Opinion In a snap
Of inches, miles and all things said in pursuit of a catchy phrase
Prime Minister Narendra Modi’s noted penchant for snappy acronyms and phrases is on display as we “inch towards miles” of cooperation with visiting Chinese President Xi Jinping. Since he began campaigning in earnest for the job of PM, Modi has deployed slogan after political slogan to, variously, put down opponents (“BJP is for mission, Congress is for commission”), promise a change in the governor-governed relationship (“shasak nahi sevak”) and argue for old-fashioned conservatism (“minimum government, maximum governance”). In his almost-four months as PM, he has offered Japan a “red carpet, not red tape” while pledging to the Indian people, in no particular order, 5Ts, 4Ps, 3Ss and 3Ds.
Of course, as a prolific dispenser of political jargon, Modi is not alone.

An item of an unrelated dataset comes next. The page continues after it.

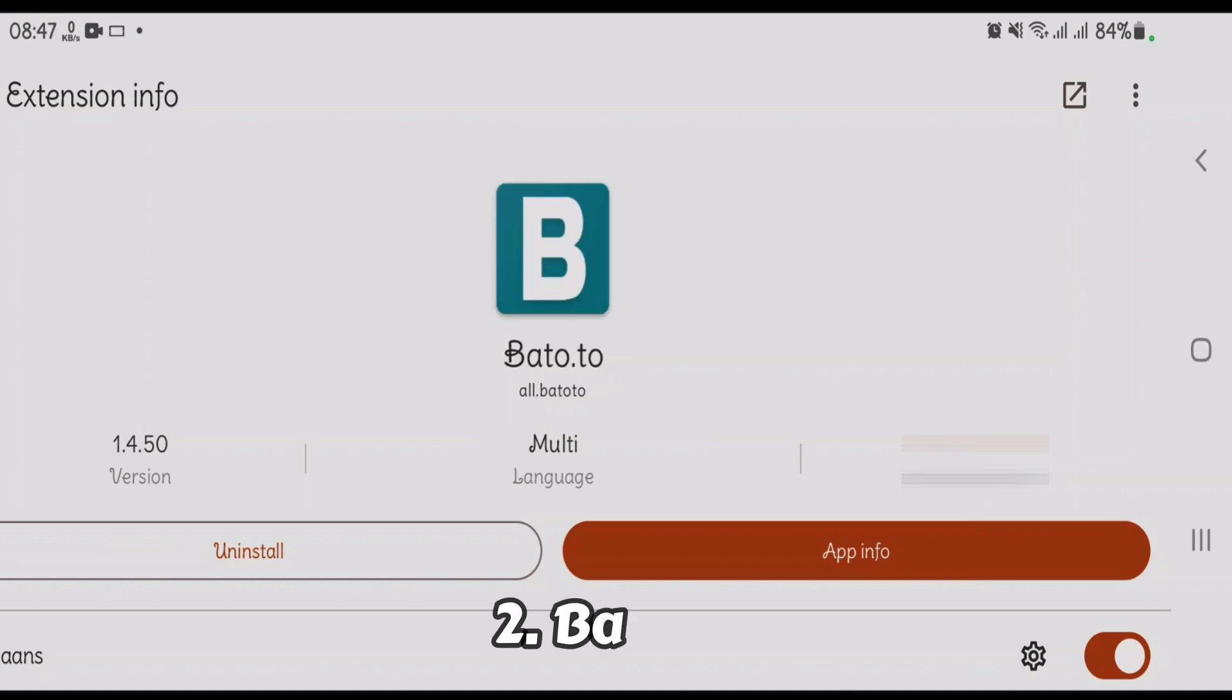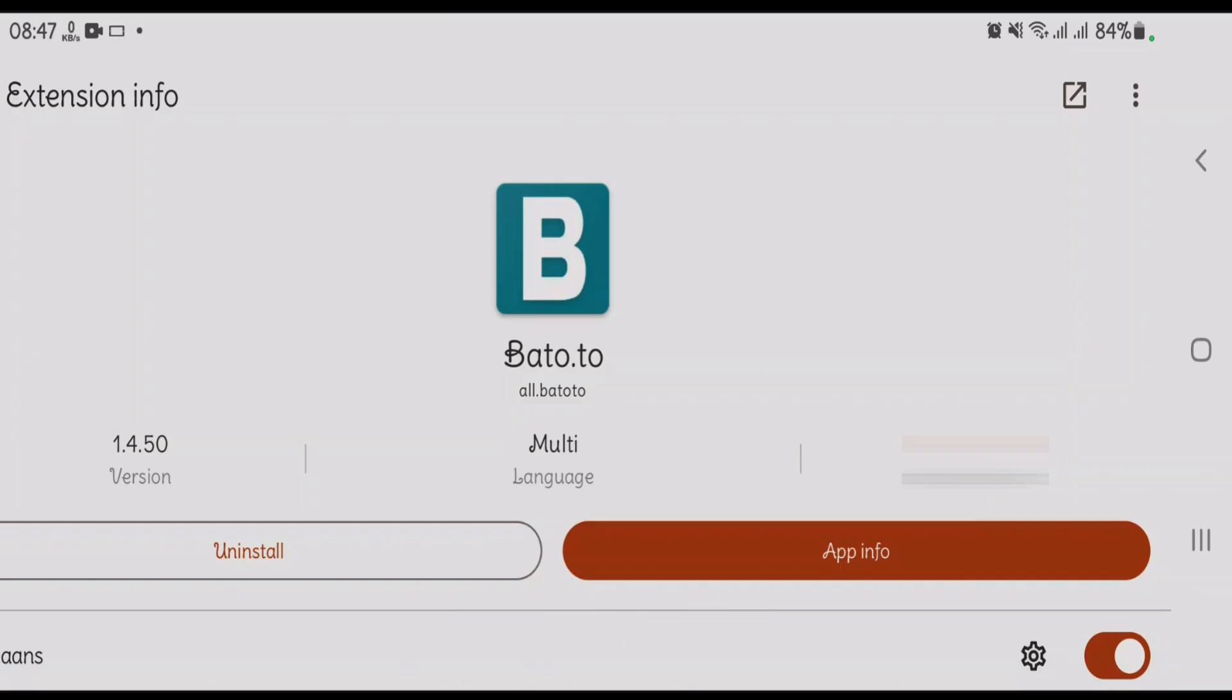Bato.to is a must-have extension for Mihan users. It connects to Bato.to, a fan-driven platform hosting a wide range of manga, manhwa, and webtoons with frequent updates from scanlation communities.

The United States Congress specialises in catchy names for assorted pieces of legislation: a serendipitous encounter with a Rolling Stones hit led to a bill to make pet-care expenses tax deductible being christened HAPPY (Humanity and Pets Partnered through the Years), and though the Democrats’ DREAM of immigration reform was shot down, it agreed to DISCLOSE sources of campaign finance. These acts of creative expression also saw PATRIOTs in Congress pass the Providing Appropriate Tools Required to Intercept and Obstruct Terrorism bill post-9/11; ironically, George W. Bush, who was president, implies it was unpatriotic in his memoirs. The impulse to use acronyms is so embedded that a 2011 White House memo calling on federal workers to stop using “confusing, technical and acronym-filled language” created the Plain Language Action and Information Network, PLAIN.
Even the sometimes-starchy grandee of political language, George Orwell, acknowledged that “political language has to consist largely of euphemism, question-begging and sheer cloudy vagueness”. For those in a creative jam, one website has a three-word slogan generator that yields gems such as “solid on banks” and “upfront on votes”. Evidence suggests it could be worse.